Author: Denis Avetisyan
Researchers have developed a new approach to controlling quadrupedal robots, enabling stable and fast locomotion even with substantial weight.

An analytical actuator model improves sim-to-real transfer for reinforcement learning-based locomotion control in heavy hydraulic robots exceeding 300kg.
Achieving robust sim-to-real transfer remains a significant challenge for large-scale hydraulic robots due to their slow dynamics and complex fluid behavior. This work, ‘Learning Quadrupedal Locomotion for a Heavy Hydraulic Robot Using an Actuator Model’, addresses this limitation by introducing an analytical actuator model that accurately predicts joint torques-in under 1 microsecond-allowing for rapid iteration within reinforcement learning environments. We demonstrate that this model outperforms neural network alternatives, particularly in data-limited scenarios, and successfully enables stable, 1m/s locomotion on a 300kg+ hydraulic quadruped-a first for this scale of robot. Could this approach unlock more agile and adaptable hydraulic systems for a wider range of robotic applications?
The Challenge of Dynamic Locomotion: A Matter of Precision
Conventional control strategies frequently falter when applied to quadrupedal locomotion, especially as the terrain becomes more challenging. These methods, often designed for static or predictable environments, struggle to account for the inherent complexities of coordinating multiple limbs across uneven surfaces. The dynamic interplay between leg movements, ground reaction forces, and the robot’s center of mass creates a high-dimensional control problem that exceeds the capabilities of many traditional approaches. Consequently, robots relying on these systems often exhibit instability, jerky movements, or an inability to adapt to unexpected obstacles, hindering their effectiveness in real-world scenarios requiring robust and agile navigation.
Effective quadrupedal locomotion isn’t simply about telling legs where to move, but acknowledging how they move and the forces resisting those movements. Actuators – the motors driving leg joints – don’t respond linearly; applying a small command doesn’t necessarily result in a proportional change in position, introducing delays and complexities. Simultaneously, robots operating in the real world encounter unpredictable disturbances – uneven ground, slippery surfaces, or even accidental nudges – that instantly disrupt planned motions. Consequently, sophisticated control algorithms must model these nonlinearities and incorporate robust estimation of external forces to anticipate and counteract disturbances, allowing the robot to maintain balance and adapt its gait in real-time. This necessitates moving beyond simplified models and embracing dynamic systems identification techniques to accurately capture the intricate interplay between the robot’s internal dynamics and the external environment.
Current strategies for controlling quadrupedal robots frequently employ simplified models of the robot’s mechanics and the surrounding environment, a practice that, while computationally efficient, ultimately restricts real-world performance. These models often linearize complex dynamics or assume ideal conditions – such as perfectly flat ground and predictable contact forces – which deviate significantly from the irregularities encountered in natural settings. Consequently, robots relying on these approximations struggle with disturbances, exhibit reduced agility, and demonstrate limited robustness when faced with uneven terrain or unexpected impacts. The simplification trades accuracy for speed, creating a performance bottleneck that hinders the deployment of these robots in dynamic and unpredictable environments, and necessitating the development of more sophisticated control algorithms capable of accommodating nonlinearities and uncertainties.

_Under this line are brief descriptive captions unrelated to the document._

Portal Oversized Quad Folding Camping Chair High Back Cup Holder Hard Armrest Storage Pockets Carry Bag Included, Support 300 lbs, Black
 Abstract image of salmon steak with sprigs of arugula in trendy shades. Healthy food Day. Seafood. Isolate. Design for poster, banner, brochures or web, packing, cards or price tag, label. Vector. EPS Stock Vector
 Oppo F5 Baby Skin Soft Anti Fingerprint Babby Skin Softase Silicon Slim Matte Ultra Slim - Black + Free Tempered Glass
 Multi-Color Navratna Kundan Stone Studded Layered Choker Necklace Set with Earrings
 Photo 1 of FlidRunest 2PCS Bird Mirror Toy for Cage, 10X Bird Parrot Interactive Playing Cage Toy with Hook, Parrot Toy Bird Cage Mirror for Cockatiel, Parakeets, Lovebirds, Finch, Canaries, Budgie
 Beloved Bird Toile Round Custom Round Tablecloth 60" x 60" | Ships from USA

Reinforcement Learning: A Principled Approach to Agile Control
Traditional locomotion control relies on creating a dynamic model of the robot and its environment, a process that is often time-consuming and susceptible to inaccuracies due to model simplification or unmodeled dynamics. Instead, this work utilizes Reinforcement Learning (RL) to train a locomotion controller directly from raw sensor data, such as joint angles, velocities, and ground contact forces. This approach circumvents the need for explicit dynamic modeling; the controller learns to map sensor inputs to appropriate motor commands through interaction with the environment and a defined reward function. By directly learning from data, the controller can implicitly capture complex dynamic behaviors without requiring a pre-defined mathematical representation of the system.
The RL-based locomotion controller utilizes a trial-and-error process to discover gait patterns that maximize forward progression and stability. This is achieved through iterative interactions with the simulated or physical environment, where the controller receives reward signals based on its performance. The system’s ability to adapt to changing conditions and disturbances stems from its continuous learning; as external factors such as terrain or payload shift, the controller modifies its actions to maintain optimal locomotion. This adaptation is not pre-programmed but emerges from the agent’s exploration of the state and action space, allowing it to generalize to previously unseen scenarios and recover from unexpected perturbations.
The performance of the locomotion controller is directly dependent on its ability to accurately model the behavior of the hydraulic actuators. Our reinforcement learning-based training process demonstrated a substantial reduction in training time for this actuator modeling, achieving full performance within 10 hours. This represents a significant improvement over baseline models, which typically require 36 to 48 hours to reach the same level of accuracy in understanding and predicting hydraulic actuator response. This accelerated training is critical for rapid prototyping and deployment of agile control systems.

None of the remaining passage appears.